= Activity =
Give back the full listing as written. No pictures go with it.

= Supplied material =
★ ★ ★ ★
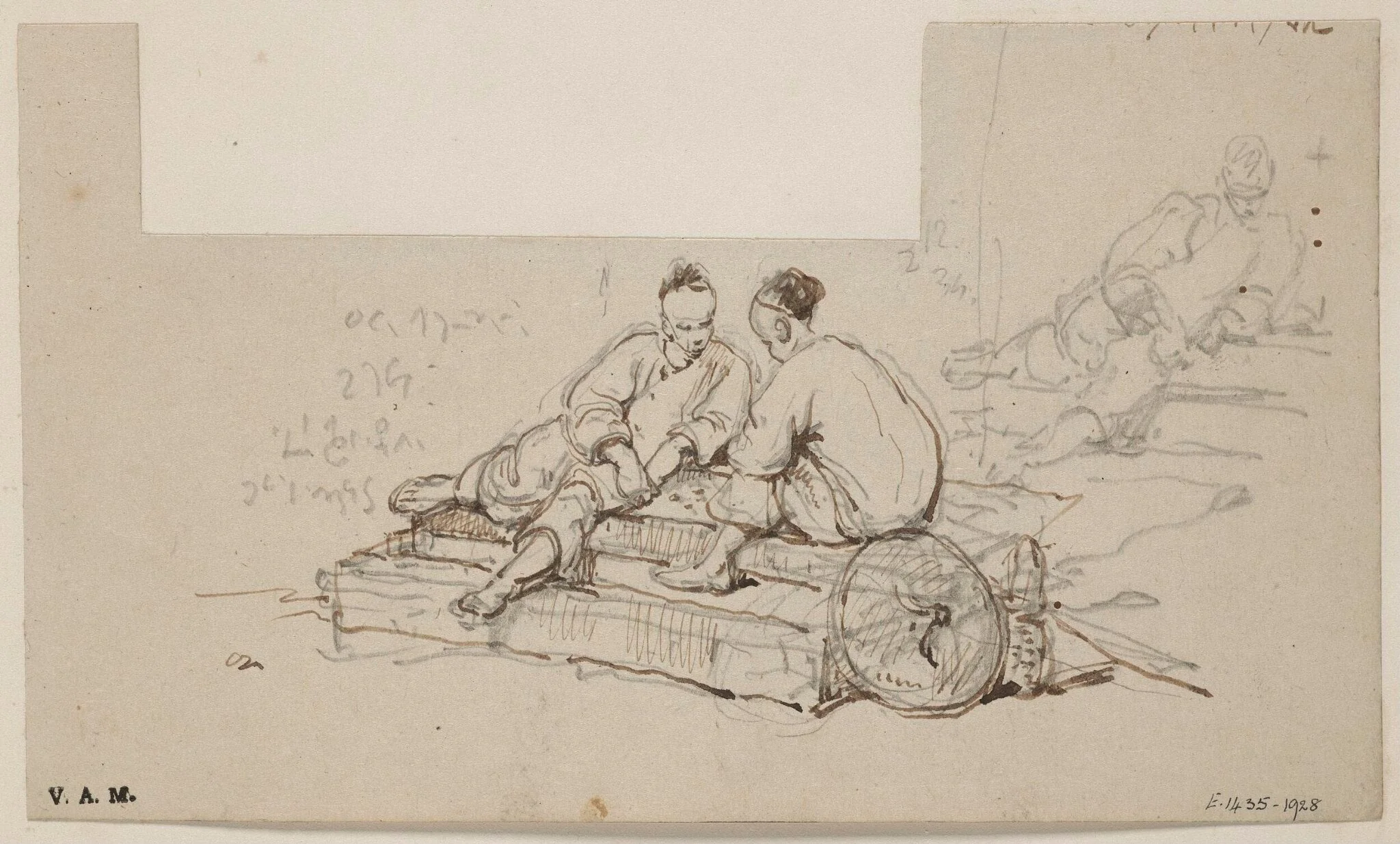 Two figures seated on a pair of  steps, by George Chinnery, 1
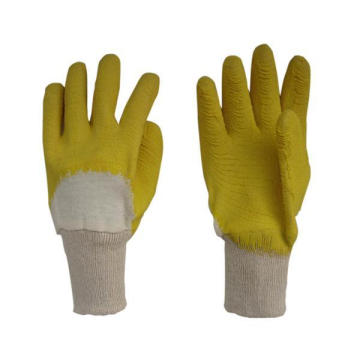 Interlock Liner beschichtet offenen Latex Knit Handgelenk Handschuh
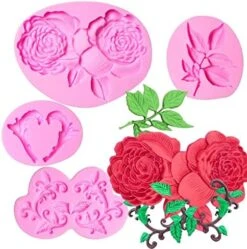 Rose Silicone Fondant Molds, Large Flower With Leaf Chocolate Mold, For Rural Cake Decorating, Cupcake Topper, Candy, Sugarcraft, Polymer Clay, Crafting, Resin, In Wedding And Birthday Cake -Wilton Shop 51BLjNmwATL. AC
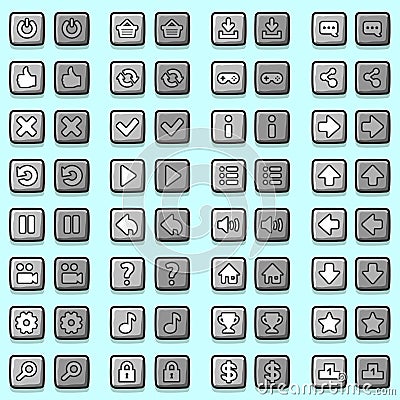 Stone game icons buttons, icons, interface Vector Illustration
★ ★ ★ ★
= Exercise solution =
 Two figures seated on a pair of  steps, by George Chinnery, 1
 Interlock Liner beschichtet offenen Latex Knit Handgelenk Handschuh
 Rose Silicone Fondant Molds, Large Flower With Leaf Chocolate Mold, For Rural Cake Decorating, Cupcake Topper, Candy, Sugarcraft, Polymer Clay, Crafting, Resin, In Wedding And Birthday Cake -Wilton Shop 51BLjNmwATL. AC
 Stone game icons buttons, icons, interface Vector Illustration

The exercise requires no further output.